Have you been to an ice cream store lately? Last week I went to a Haagen Daaz in Bethesda to get two single scoop cones (one cone was candy coated). The price: $10.
Let’s think about this for a second… a half-gallon of ice cream at the grocery store is about $4 if you get the one that’s on sale. For another $6 I can get cones, whipped cream, and cherries. For $10 I can throw an ice cream PARTY.
“But don’t you go to Starbucks and pay $4 for a cup of crappy coffee?”
Yes I do, but I also sit down for two hours and check out girls while I read newspapers, magazines, and books for free (Barnes and Noble Starbucks baby). At Starbucks I pay for a lifestyle experience of people watching and making my breath smell like ass, while at an ice cream store I just want some ice cream. And notice how no one actually eats inside an ice cream store, which usually is about the size of the Jiffy Lube waiting room. It’s too much of a risk to sit down at that table in the corner that you know is stickier than that a frat boy’s bedsheets.
DCB Sticky Rating’s:
1. Baskin Robins. What I don’t understand is how they are able to charge prices on par with Ben and Jerry’s when they are the McDonalds of the ice cream world. They share space with Dunkin Donuts for crying out loud. Their ice cream is good but their aggressive tip jar placements make me feel guilty every time I don’t tip, which is all the time. 2 sticky hands out of 4.
2. Haagen Daaz. The Ben & Jerry wannabe’s. Now that we are living in a patriotic conservative state, I think it is appropriate to change the name of this place to something less German, like Happy Days, which is probably what Haagen Daaz stands for anyway. 2 and a half sticky hands out of 4.
3. Ben & Jerry’s.

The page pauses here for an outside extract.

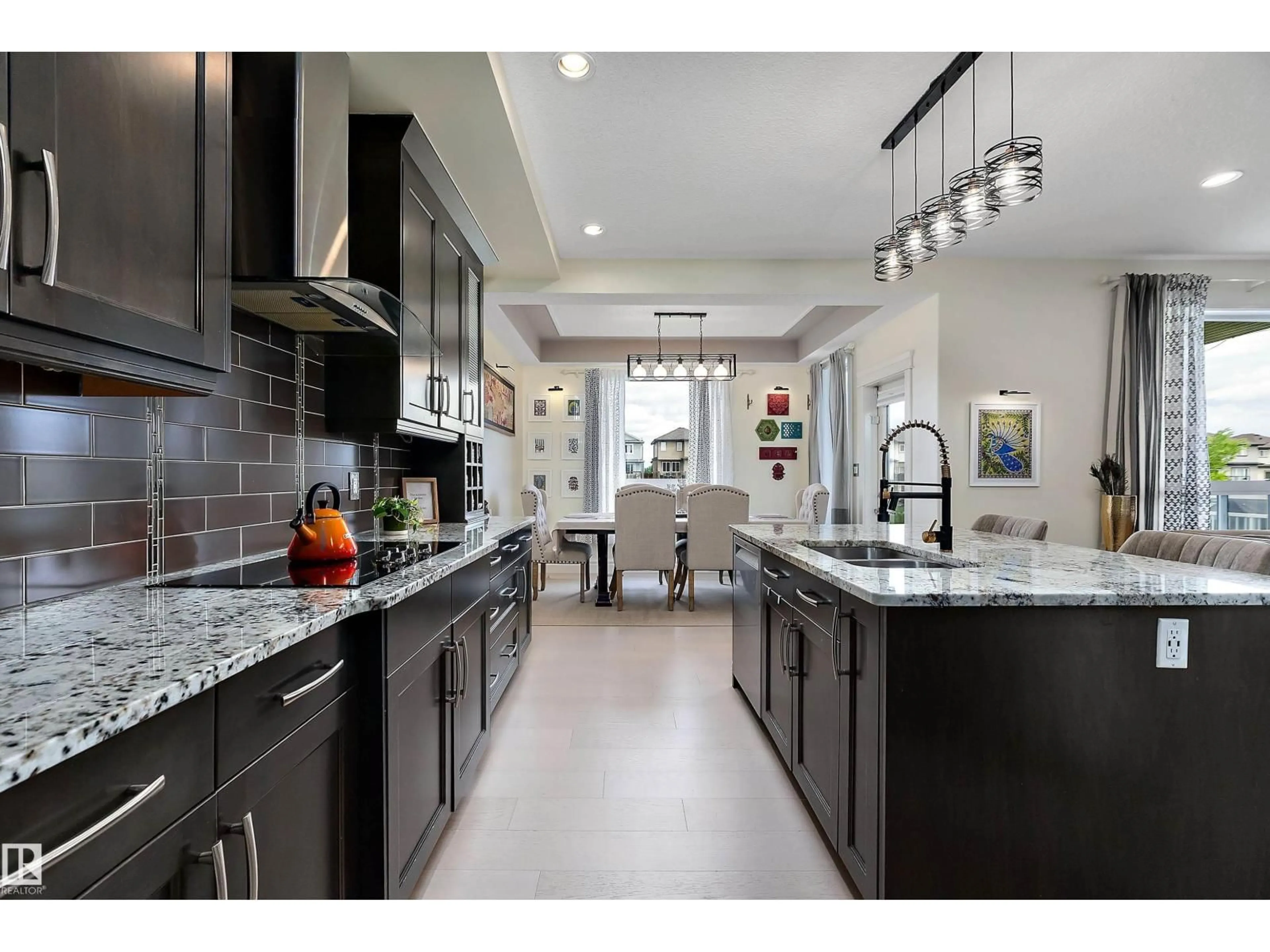 Open concept kitchen, ceramic/tile floor for 164 DURRAND BN, Fort Saskatchewan Alberta T8L0M8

I lube myself up really good when I go here because I know it’s going to hurt at the cash register. Nevertheless, their Chocolate Chip Cookie Dough ice cream is more enjoyable than a date with a DC girl. 4 sticky hands out of 4.
These ice cream places don’t need to look farther than the movie theater business to see what happens when you increase prices without increasing the experience.